First, before I forget again, I saw a comment saying HRC was actually not a NAFTA booster, but lost track of it before responding. So here's a link and a comment from same, courtesy of Barack Obama.
Clinton on NAFTA
"Yesterday, Sen. Clinton also said I'm wrong to point out that she once supported NAFTA," Obama said. "But the fact is, she was saying great things about NAFTA until she started running for president. A couple years after it passed, she said NAFTA was a 'free and fair trade agreement' and that it was 'proving its worth.' And in 2004, she said, 'I think, on balance, NAFTA has been good for New York state and America.' "
(This was a comment made during the 2008 primary.)
Second, another link, this one on Clinton and the TPP.

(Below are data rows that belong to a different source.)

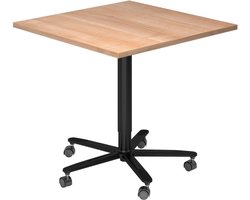 BISTRO 88Q D - Systeem conferentietafel 80 x 80 Zwart Knoestige Eiken
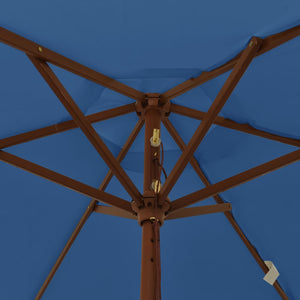 Parasol vidaXL avec mât en bois bleu azur 196x231 cm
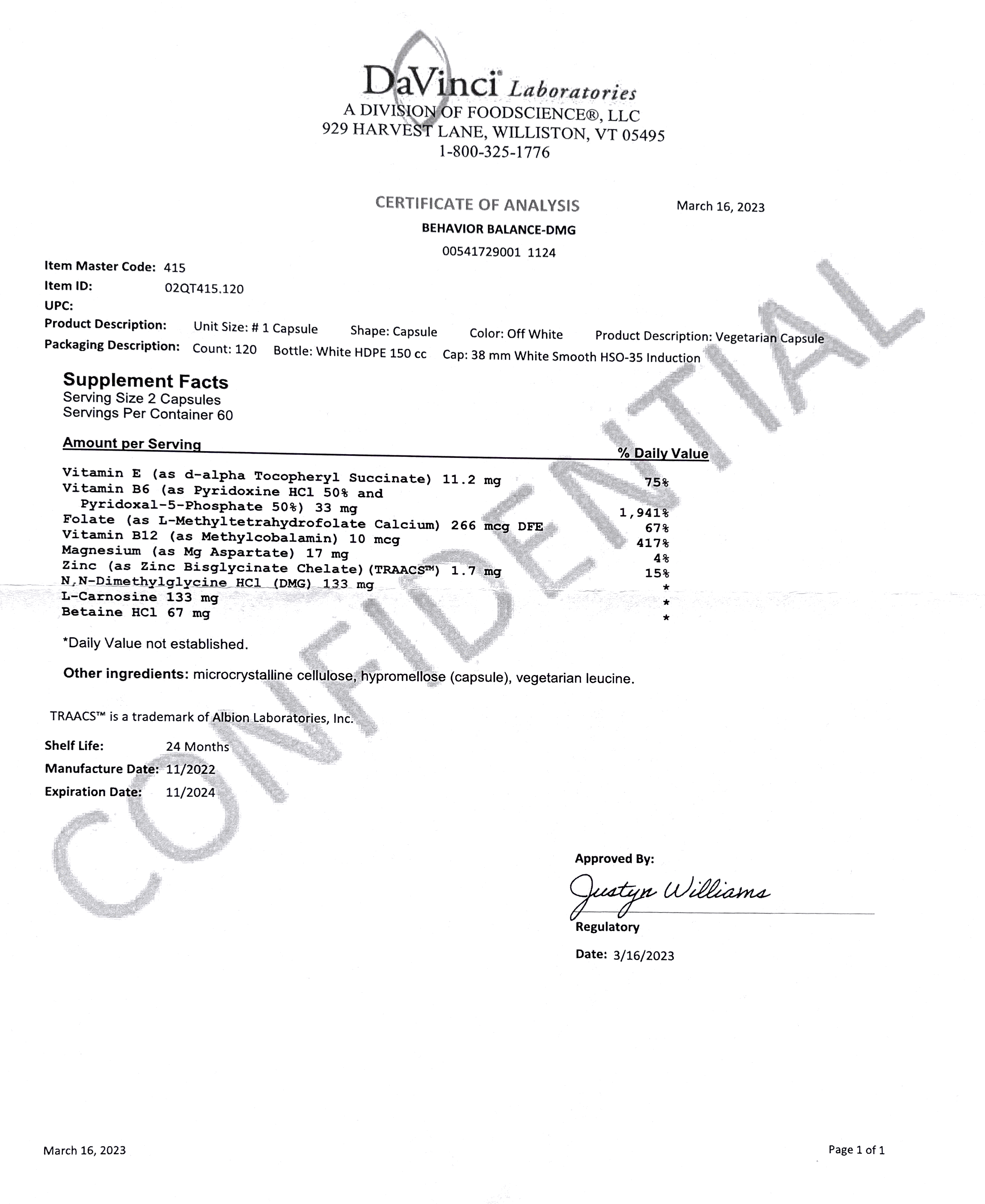 Certificate Of Analysis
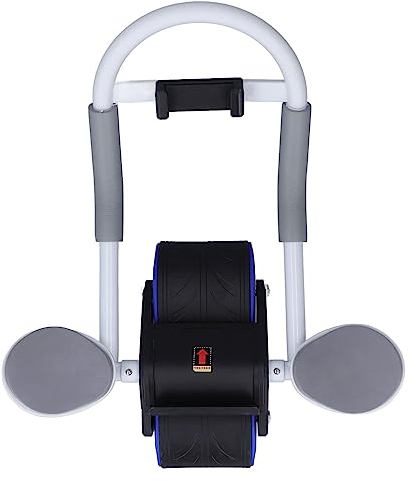 Bauchroller, Muskelaufbau, Selbsteinziehbarer Bauchroller, Übungsrad, Metall, Automatische Rückfederung, 5 Schichten, für den Heimgebrauch (Blau)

A Timeline of Hillary Clinton's Evolution on Trade
As President Obama seeks fast-track authority for a 12-country Pacific trade deal and Congress inches toward giving it to him, Clinton is hedging on a deal she once strongly backed.
...
Yet, previously as secretary of state, Clinton called the Trans-Pacific Partnership the "gold standard in trade agreements." In her second memoir, Hard Choices, released in 2014, Clinton lauded the deal, saying it "would link markets throughout Asia and the Americas, lowering trade barriers while raising standards on labor, the environment, and intellectual property." She even said it was "important for American workers, who would benefit from competing on a more level playing field." She also called it "a strategic initiative that would strengthen the position of the United States in Asia."
Several times this morning, I've heard MSNBC talking head types say Clinton is 'distancing herself from the TPP'.
Yet we see a history here. When not campaigning, Clinton is firmly pro-free trade, and her proclaimed reasons for being such are virtually identical from deal to deal. But when problems arise with the deals she supports, suddenly there is an effort to proclaim that the problems were other people's fault. With NAFTA (see the timeline article) when it becomes obvious that NAFTA sucked rocks for America, she switched from playing it up to blaming it on the prior administration, and ignoring her prior comments in favour of it at Davos or even in her own books.
So now that it looks like many Democratic voters remember what happened with NAFTA and don't want 'NAFTA on steroids', here we go again, with politically expedient comments to distance herself from a deal she previously lauded as a 'gold standard' before she was campaigning.
So what's the truth? Does she want TPP or not? Does she now have legitimate concerns about it, or is she only worried about losing votes in 2016, and will be happy to support it again as soon as she is safely in the Oval Office?